== Problem to solve ==
Beginning at the line containing "Продається 1-кімнатна квартира", repeat each line below exactly up to and including the line containing "Le pamppardelle est". Do not repeat the pictures.

== Entries provided ==
########################################
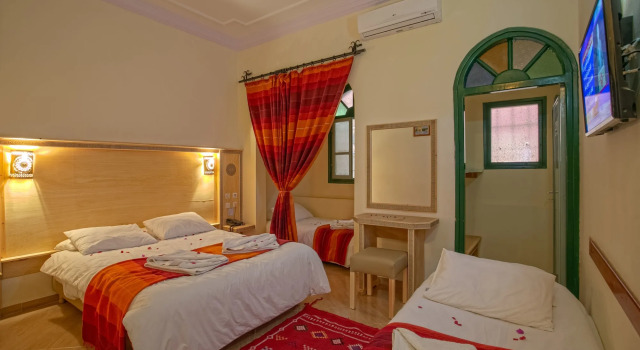 Kasbah Sirocco, Varaa Hotelli Hotellit Souss-Massa-Draa uima-altaalla, Uima-allas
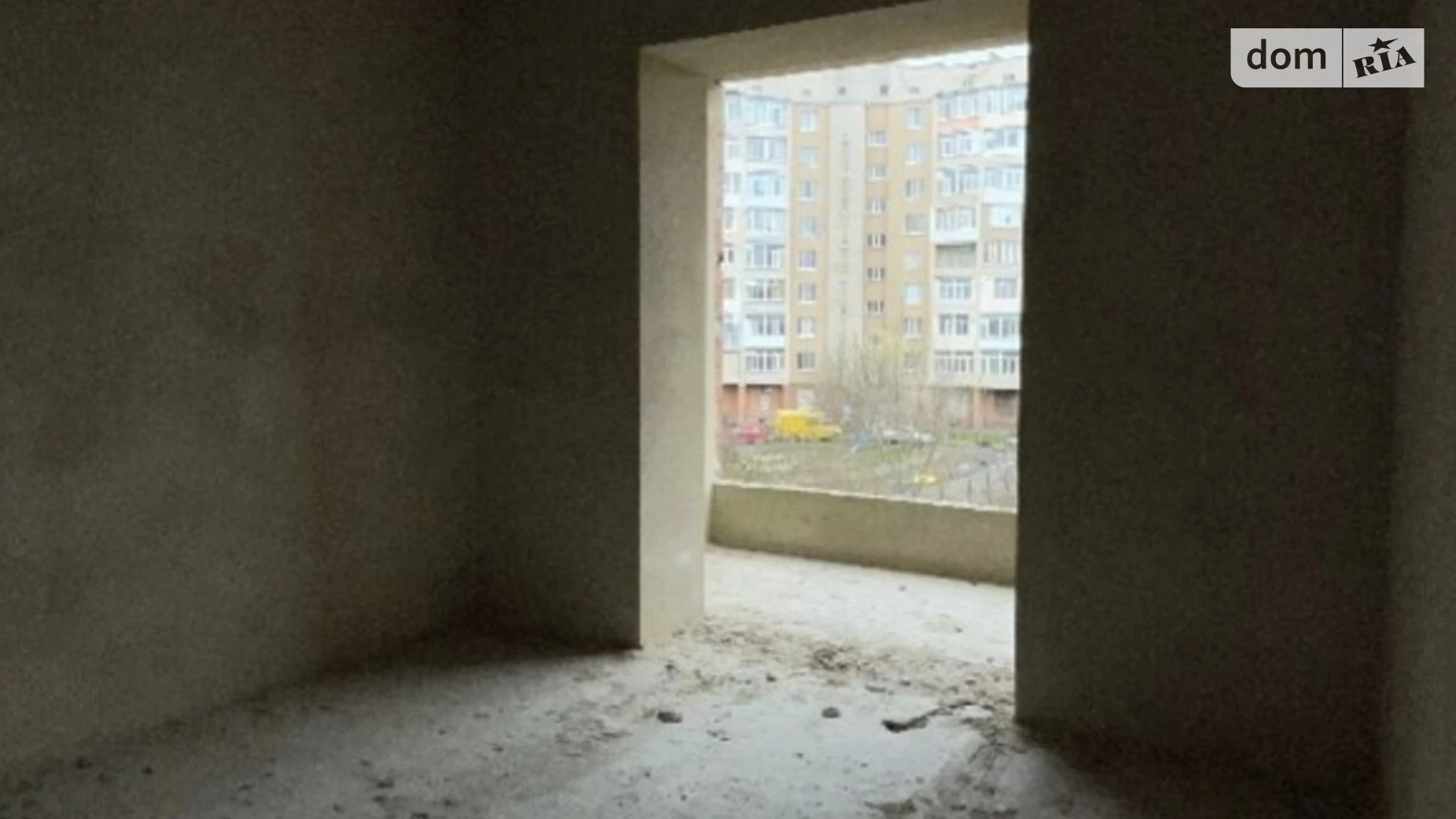 Продається 1-кімнатна квартира 42 кв. м у Івано-Франківську, вул. Горбачевського, 40Б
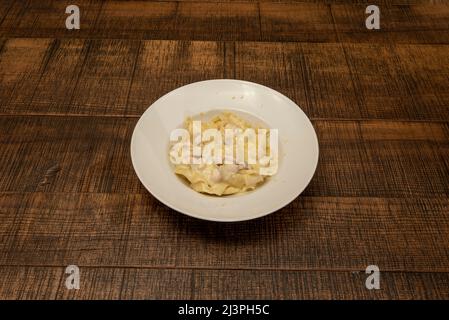 Le pamppardelle est une sorte de fettuccine large. Le nom provient du verbe 'papare' qui, en italien, se traduit par: Gobble up. Les plus récents m'ont vendu Banque D'Images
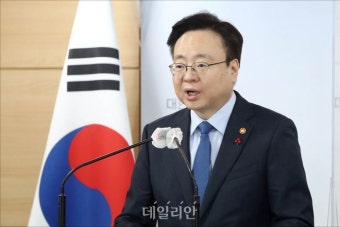 조규홍 보건복지부 장관, 필수의료 지원대책 발표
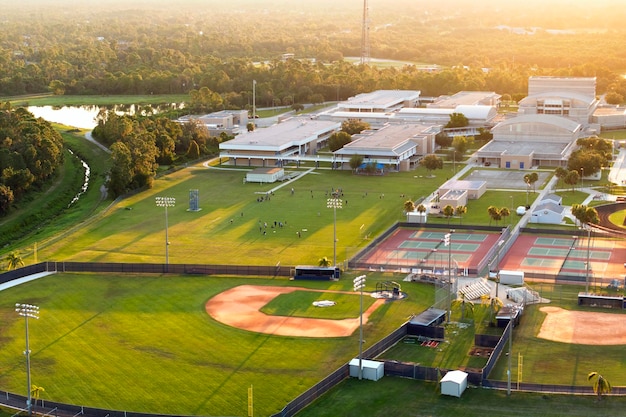 Obiekty sportowe publicznych szkół średnich na Florydzie Stadiony piłki nożnej amerykańskiej korty tenisowe i infrastruktura sportowa baseball diamond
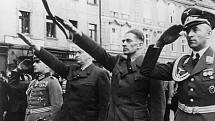 Eger, 25. května 1938. Pohřeb sudetoněmeckých „mučedníků“ Georga Hofmanna a Niklasa Böhma (zavražděni 21. května 1938). Zleva německý vojenský atašé plukovník Toussaint, Konrad Henlein, Karl Hermann Frank a major Möricke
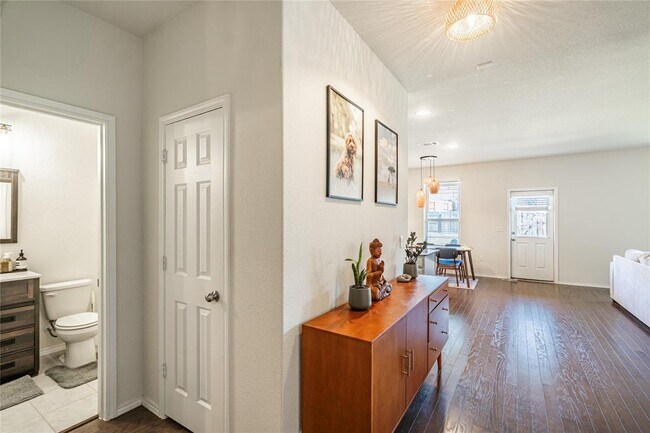Building Photo - 547 Saturnia Dr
########################################
== Solution ==
 Продається 1-кімнатна квартира 42 кв. м у Івано-Франківську, вул. Горбачевського, 40Б
 Le pamppardelle est une sorte de fettuccine large. Le nom provient du verbe 'papare' qui, en italien, se traduit par: Gobble up. Les plus récents m'ont vendu Banque D'Images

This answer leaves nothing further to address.